> **COLLECTED DATA**
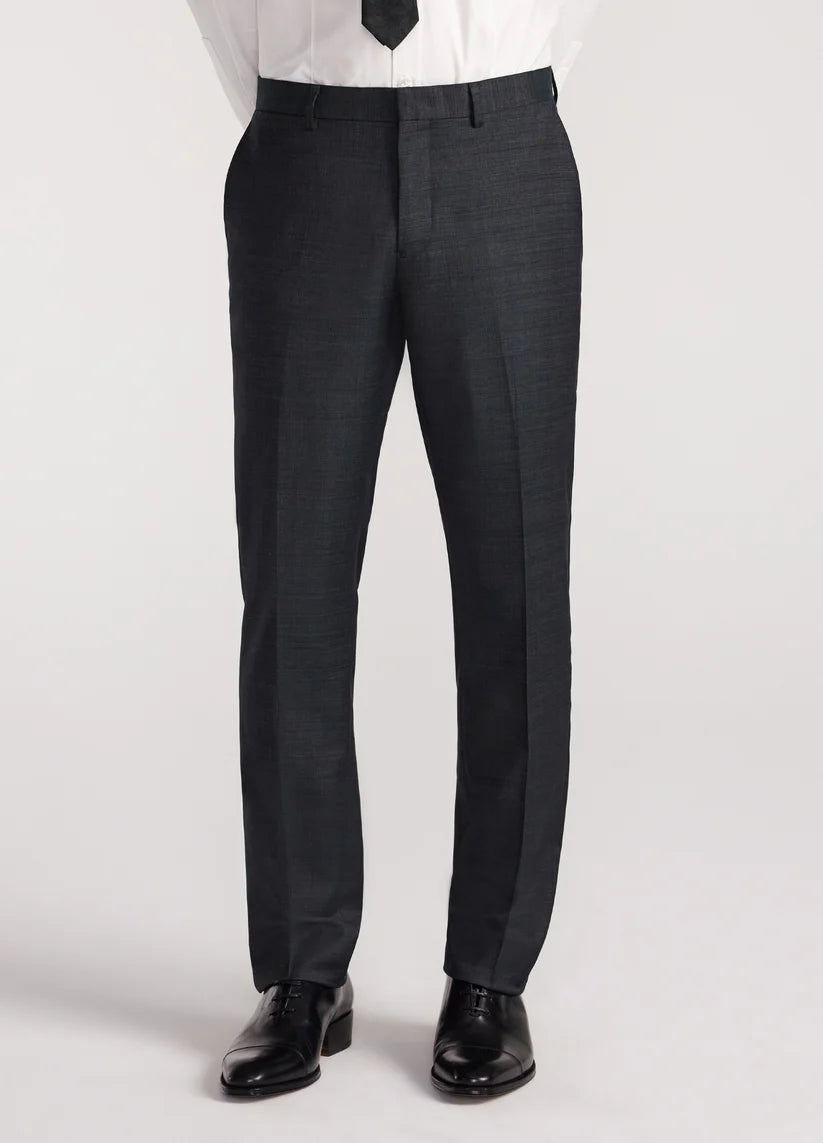 Rully Henley Suit Trousers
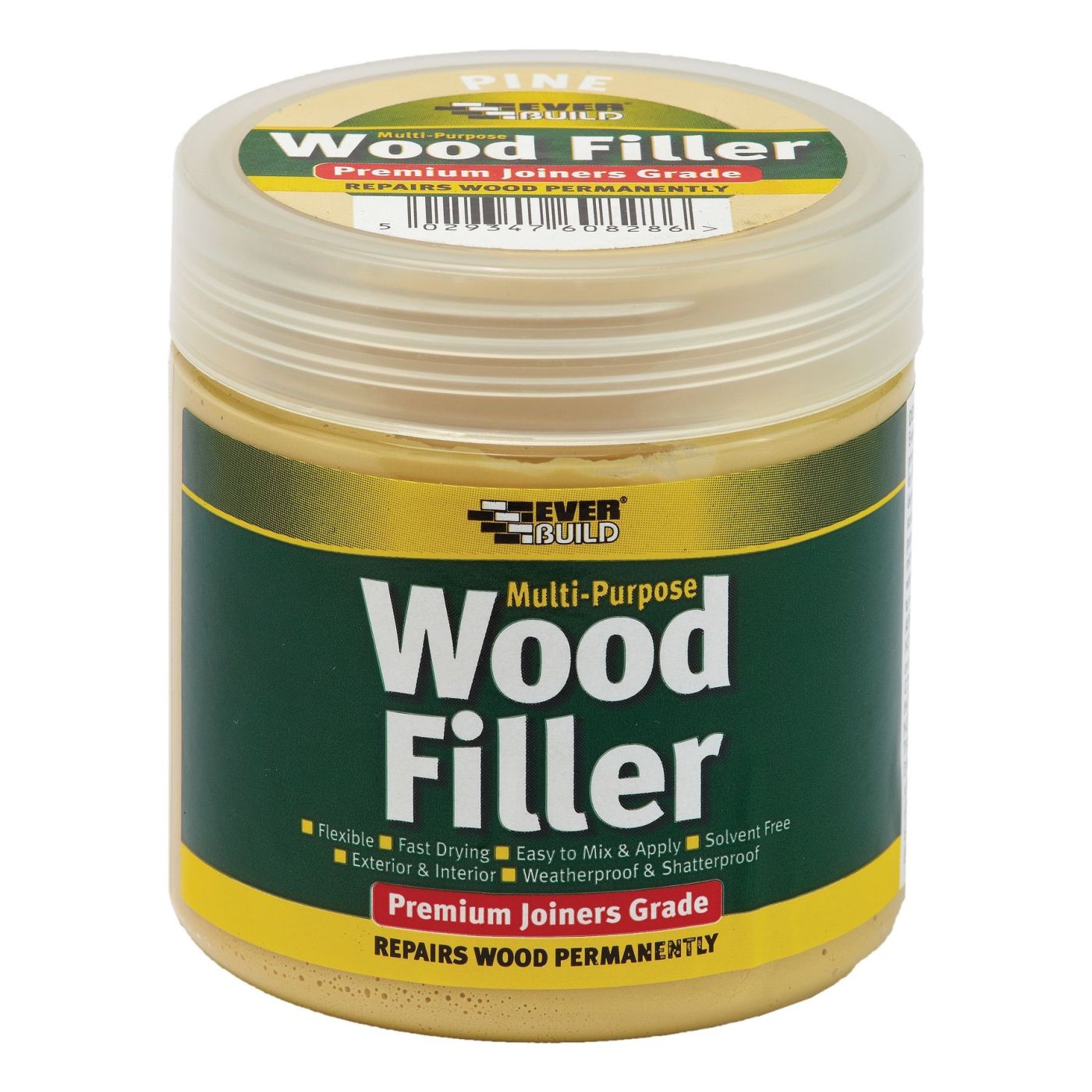 Wood Filler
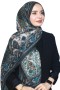 Arnisa Soft Şal 5010-2- Arnisa-Soft Şal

> **WORK REQUEST**
Would you output the data above exactly as written, but with no images?

> **RESPONSE**
 Rully Henley Suit Trousers
 Wood Filler
 Arnisa Soft Şal 5010-2- Arnisa-Soft Şal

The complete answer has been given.